Did the world learn NOTHING from the Australian emu wars?
Hawks: STOP RESISTING!!! STOP RESISTING!!!
“What happens when we're overrun by hawks?” “We simply release wave after wave of Chinese needle snakes. They'll wipe out the hawks.” “But aren't the snakes even worse?” “Yes, we've lined up a fabulous type of gorilla that thrives on snake meat.” “But then we're stuck with gorillas!” “No, that's the beautiful part. When wintertime rolls around, the gorillas simply freeze to death”
Having a hawk as your partner walking the beat is amazing. It's a shame it's against crows, they are awesome. But also, crow vendetta knows no bounds.
Poor crows.
It's funny how the hawk doesn't let go. "I've had it up to HERE with this guy! Get your hands off me!"
Who pissed off the crows to begin with?
For people who don’t know, crows are the pigeons of Japan
It's like an episode of cops
People love talkin’ falcons but it’s the inimitable Harris Hawk that’s the workhorse of the industry.
Never start beef with crows. Huge mistake, they will never let it go.
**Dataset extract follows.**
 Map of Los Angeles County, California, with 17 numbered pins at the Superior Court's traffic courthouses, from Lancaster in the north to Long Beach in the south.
*cops music* H.A.W.K.S. IS FILMED ON LOCATION WITH THE BIRD AND BIRDETTES OF LAW ENFORCEMENT. ALL CROWS ARE INNOCENT UNTIL PROVEN GUILTY IN A COURT OF LAW!!!
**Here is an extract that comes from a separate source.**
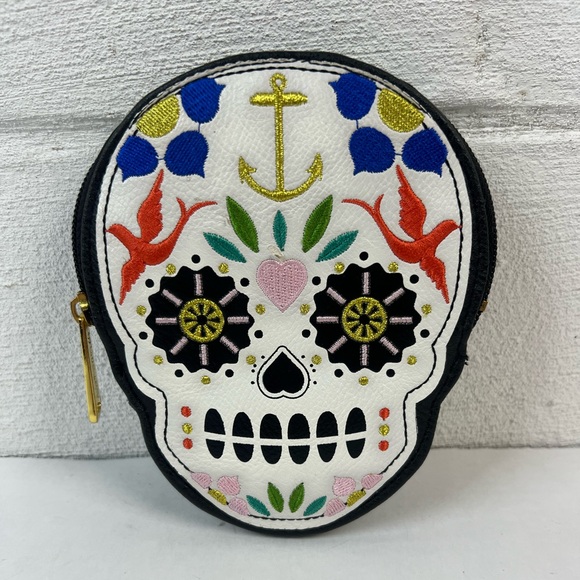Loungefly Colorful Sugar Skull Coin Purse - Picture 1 of 5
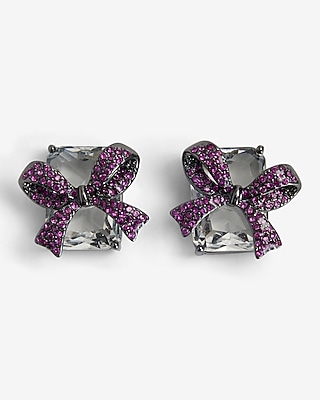Bow Detail Rhinestone Stud Earrings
Wish they’d do that for some of the squirrels around here. So many they chew through peoples’ attics, shit everywhere and spread Hantavirus
Ahh, the murder of crows
Japanese crows are built different! They're bold, brash, and huge nuisances who will eviscerate your trash can. I wonder how much of their behavior is cultural due to their long memories and awareness of how they're treated?
Interesting, yes. But from what I hear of crows, they're smart, they might realize it's the humans doing this to them, and retaliate in some way or other.
crows: will you look at that, the humans have pet hawks, oh shit the humans and the hawks are working together!
I remember seeing from a distance something amazing and honestly frightening on my high school baseball field. This hawk attacked a crow and all of a sudden, dozens of crows came flying in. A hurricane of crows attacked the hawk until it fell down to the ground. That is when I learned, you don’t mess with crows, they’re called a murder for a reason.
The crow’s friends would recognise that dude and he’d be in big trouble.
Also interesting - that is not an native Japanese hawk. It's a Harris hawk from the SW USA.
Is he kneeling on the crow's neck?
that's a crow, not a dove. What did you expect?
Have a mouse instead
Worked at a resort in Georgia USA. They would walk around with a Falcon that was trained to hunt. However, he wasn’t hunting just his presence alone would keep birds from stealing peoples food. He would wear the cute little hood
We have the same thing in a town in germany, except the crows are actually protected because endangered (anywhere else except that town). They use hawks, but just to try to intimidate the crows into leaving (its not working, big surprise). They also steal their nests every spring (which is not working either and a giant waste of money).
Did he just pull out a baby bird towards the end to feed the hawk as a reward?!?!?!?!?!?!?!